Welcome, young student. You have traveled far to learn from the humble yet famous priests of IT. Should you succeed in your studies and gain mastery over our many tests, then you will have been proven worthy to become a true IT professional.
Ah, I see that you come to us after earning many honors, accreditations and certifications. MCSE, CCNP, PMP—the many letters flow from my mouth like e-mails from the outbox of a marketing flack.
Yes, titles are truly impressive. But they mean nothing within the true disciplines of the IT professional. They are but letters on the keyboard. Only by doing, by actually striving against the many hazards and obstacles that arise within a business IT department every day, may you gain true IT wisdom.
The procedures, steps and practices you have learned may work well within the clean environment of the classroom, but in the real world of business IT, they can grind to a scratchy halt like an opened hard drive exposed to a dusty room.

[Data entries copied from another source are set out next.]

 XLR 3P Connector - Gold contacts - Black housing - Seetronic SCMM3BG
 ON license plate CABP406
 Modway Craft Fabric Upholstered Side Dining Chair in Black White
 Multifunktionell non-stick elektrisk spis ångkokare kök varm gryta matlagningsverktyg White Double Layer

Young student, like a wireless access point that spreads its antennas to welcome connecting laptops, you must open yourself to the actual experiences of a working IT professional.

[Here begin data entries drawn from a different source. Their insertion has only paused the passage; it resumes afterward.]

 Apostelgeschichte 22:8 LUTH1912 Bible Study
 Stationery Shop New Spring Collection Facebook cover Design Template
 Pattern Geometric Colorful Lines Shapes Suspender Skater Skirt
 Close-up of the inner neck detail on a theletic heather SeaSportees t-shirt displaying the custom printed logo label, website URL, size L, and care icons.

Take the simple parable of upgrading business systems. You smile, thinking, what could be easier? But like an anti-spam system with many false positives, you are overeager.
The system upgrades will require great coordination among many different groups and IT workers. Did your certification class teach you how to deal with the maverick IT colleagues who try to do everything themselves? Or the business group manager who insists that every legacy application work exactly the same on the upgraded systems?
No class or training course can teach you this. Only the act of doing, of gaining mastery through actual experience, can create an IT professional who can handle these problems as a router handles network packets.
Now, young student, you look puzzled. But we are not asking you to do the impossible, such as walk on rice paper without leaving an impression.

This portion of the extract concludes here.